The truth is that I find it hard to talk about things that do not matter, or to talk about other people and their lives. A lot of people, for example, find it interesting to figure out what other people are doing, what kind of work they are doing etc. how many degrees they have and much more. Yet, it is not something I enjoy discussing, because it doesn’t say anything about the individual, but more about his or her labels. Of course, just like asking someone what the weather is like and how they are doing, asking about one’s career or education is just another social question we learn to ask and take interest in. However, if it was up to me, I’d rather speak about self-development, learn about new philosophical teachings, read Rumi’s work, listen to Saints and Mystics.. speak about something that has value and can help me grow or otherwise sit together in silence and soak in the energy of His remembrance.
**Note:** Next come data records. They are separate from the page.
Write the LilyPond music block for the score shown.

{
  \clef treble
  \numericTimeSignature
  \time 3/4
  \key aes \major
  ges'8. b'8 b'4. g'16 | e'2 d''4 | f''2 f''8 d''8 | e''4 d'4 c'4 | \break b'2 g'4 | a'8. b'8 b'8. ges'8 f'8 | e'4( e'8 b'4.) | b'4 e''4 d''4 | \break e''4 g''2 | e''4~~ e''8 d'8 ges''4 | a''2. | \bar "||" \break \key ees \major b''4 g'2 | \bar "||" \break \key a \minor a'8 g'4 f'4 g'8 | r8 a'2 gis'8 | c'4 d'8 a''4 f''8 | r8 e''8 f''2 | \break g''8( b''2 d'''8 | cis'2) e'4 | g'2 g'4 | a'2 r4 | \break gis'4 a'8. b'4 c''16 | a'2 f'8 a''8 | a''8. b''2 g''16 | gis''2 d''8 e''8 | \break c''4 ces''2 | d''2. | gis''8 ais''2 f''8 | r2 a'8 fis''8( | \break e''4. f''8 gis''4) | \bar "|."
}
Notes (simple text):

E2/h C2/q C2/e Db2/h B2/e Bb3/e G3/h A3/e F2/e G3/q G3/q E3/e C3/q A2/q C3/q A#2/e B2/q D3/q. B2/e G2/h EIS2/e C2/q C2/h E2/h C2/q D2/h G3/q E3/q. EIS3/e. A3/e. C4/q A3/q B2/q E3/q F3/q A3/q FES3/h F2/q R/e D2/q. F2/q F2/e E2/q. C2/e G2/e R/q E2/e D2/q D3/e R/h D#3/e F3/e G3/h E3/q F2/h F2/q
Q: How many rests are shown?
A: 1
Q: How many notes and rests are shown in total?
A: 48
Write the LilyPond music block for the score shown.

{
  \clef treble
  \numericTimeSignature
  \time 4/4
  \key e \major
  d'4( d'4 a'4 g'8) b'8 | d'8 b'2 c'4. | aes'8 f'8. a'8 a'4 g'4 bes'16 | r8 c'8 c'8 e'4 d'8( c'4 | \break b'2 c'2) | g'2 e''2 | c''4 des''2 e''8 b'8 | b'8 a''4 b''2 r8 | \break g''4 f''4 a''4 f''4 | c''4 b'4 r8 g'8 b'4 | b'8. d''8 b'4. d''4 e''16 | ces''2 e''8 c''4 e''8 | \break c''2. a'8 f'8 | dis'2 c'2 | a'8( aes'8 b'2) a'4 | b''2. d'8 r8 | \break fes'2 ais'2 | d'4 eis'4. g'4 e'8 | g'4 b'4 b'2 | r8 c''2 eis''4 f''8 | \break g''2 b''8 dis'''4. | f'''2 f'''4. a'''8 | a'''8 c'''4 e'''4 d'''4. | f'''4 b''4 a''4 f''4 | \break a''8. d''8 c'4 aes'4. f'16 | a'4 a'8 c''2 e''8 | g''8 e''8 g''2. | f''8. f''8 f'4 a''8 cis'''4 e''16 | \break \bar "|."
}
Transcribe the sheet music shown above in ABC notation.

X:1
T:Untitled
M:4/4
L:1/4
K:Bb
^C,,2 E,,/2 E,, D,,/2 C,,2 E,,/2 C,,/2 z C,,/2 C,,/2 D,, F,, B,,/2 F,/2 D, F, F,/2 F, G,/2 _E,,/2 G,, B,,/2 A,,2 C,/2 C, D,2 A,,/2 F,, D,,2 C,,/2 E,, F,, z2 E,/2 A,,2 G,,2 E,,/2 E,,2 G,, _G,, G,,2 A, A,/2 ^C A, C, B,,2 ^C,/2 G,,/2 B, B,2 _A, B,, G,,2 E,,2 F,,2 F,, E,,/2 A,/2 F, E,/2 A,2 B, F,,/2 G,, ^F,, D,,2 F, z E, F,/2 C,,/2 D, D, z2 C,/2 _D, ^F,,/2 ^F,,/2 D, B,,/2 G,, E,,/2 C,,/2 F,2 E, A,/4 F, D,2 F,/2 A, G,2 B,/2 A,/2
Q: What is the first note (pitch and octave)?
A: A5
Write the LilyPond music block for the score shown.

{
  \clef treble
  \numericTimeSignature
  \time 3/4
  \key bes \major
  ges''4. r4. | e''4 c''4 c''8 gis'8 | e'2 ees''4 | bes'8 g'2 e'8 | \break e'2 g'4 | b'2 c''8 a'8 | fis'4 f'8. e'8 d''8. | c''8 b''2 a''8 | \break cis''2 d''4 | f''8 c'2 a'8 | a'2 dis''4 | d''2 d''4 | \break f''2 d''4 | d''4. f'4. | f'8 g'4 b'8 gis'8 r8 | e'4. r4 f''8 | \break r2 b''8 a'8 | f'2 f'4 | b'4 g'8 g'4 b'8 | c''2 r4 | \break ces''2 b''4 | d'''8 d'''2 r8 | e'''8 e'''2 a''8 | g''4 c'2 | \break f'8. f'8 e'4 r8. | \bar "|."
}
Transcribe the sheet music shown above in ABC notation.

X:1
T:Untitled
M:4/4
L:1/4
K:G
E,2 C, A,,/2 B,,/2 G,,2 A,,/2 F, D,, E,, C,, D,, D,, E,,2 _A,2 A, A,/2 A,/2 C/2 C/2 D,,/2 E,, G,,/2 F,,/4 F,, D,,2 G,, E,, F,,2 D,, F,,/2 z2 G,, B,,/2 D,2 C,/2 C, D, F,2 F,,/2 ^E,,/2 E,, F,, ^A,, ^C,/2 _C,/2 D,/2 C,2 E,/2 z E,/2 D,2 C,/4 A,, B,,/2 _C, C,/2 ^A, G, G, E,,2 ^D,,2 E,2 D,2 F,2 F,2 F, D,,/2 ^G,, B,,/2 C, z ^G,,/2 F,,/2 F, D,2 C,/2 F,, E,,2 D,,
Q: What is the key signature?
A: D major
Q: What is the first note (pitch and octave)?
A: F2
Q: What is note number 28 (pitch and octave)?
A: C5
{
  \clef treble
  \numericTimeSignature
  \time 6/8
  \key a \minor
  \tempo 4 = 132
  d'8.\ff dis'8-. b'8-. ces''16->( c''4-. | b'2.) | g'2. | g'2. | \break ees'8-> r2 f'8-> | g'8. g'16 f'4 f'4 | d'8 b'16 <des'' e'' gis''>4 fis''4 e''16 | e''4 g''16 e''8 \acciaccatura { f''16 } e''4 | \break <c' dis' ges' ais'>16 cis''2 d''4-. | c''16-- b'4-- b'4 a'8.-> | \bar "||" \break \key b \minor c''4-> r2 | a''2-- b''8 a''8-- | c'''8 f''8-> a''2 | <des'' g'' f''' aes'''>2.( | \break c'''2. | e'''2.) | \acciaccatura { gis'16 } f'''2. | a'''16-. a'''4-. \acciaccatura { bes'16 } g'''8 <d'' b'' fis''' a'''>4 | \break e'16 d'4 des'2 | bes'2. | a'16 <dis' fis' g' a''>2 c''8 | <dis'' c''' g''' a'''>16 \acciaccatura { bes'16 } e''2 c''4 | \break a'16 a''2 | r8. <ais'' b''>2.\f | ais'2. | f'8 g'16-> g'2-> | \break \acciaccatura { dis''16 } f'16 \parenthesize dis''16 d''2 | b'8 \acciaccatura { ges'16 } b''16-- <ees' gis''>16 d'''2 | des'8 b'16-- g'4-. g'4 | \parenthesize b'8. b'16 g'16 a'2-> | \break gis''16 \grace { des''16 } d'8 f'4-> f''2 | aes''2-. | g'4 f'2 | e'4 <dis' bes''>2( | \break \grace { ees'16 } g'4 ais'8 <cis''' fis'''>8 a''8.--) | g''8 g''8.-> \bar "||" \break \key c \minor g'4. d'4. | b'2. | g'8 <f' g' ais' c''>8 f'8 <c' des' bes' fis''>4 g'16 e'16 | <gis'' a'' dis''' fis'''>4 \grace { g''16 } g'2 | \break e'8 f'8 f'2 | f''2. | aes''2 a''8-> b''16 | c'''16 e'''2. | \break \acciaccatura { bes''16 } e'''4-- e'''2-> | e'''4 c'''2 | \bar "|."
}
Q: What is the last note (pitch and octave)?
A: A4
It saddens me to see families that spend all their lives together in vain. Merely out of attachment, out of habit and social obligations (and/or cultural traditions/values). Moreover, missing each other madly and having to speak to each other all the time – has become a symbol of what we believe to be love. But is it really? Why does loving one’s family or friends can only be proven, when you miss them, call them all the time, visit them all the time etc. and only follow what they do and/or think. For example, in a lot of traditional families, children are told off for being different, having different perspectives or preferences. But why do we need to be the same, to show that we love others?
Recently, we were visiting a family who kept repeating how important it is to miss your family, how they miss their children when they are away and pray daily that they return etc. After sharing their emotions for one hour, they turned to me and asked me if I don’t miss my parents and family, since I live abroad. Now, ideally, I should have said ‘yes, I do’, so that they could move on with their conversation in peace. However, being the anti-social wallflower that I am, I wasn’t able to do that and had to (awkwardly) share my philosophical views of life. This obviously resulted in a few moments of silence, before they quickly spoke about something else.
Even though, I never said, I don’t miss my parents and family, they somehow felt that, that was exactly what I meant haha. My family with God’s grace is very relaxed, my parents have never really been very demanding. We call each other every other day, but there is never a must to call – we simply call, whenever we feel like it. We meet each other, whenever we can, but at the same time, they understand my responsibilities abroad and don’t mind it if I can’t come. This doesn’t mean we don’t miss each other, but we have given each other mutual freedom and respect each other’s journey.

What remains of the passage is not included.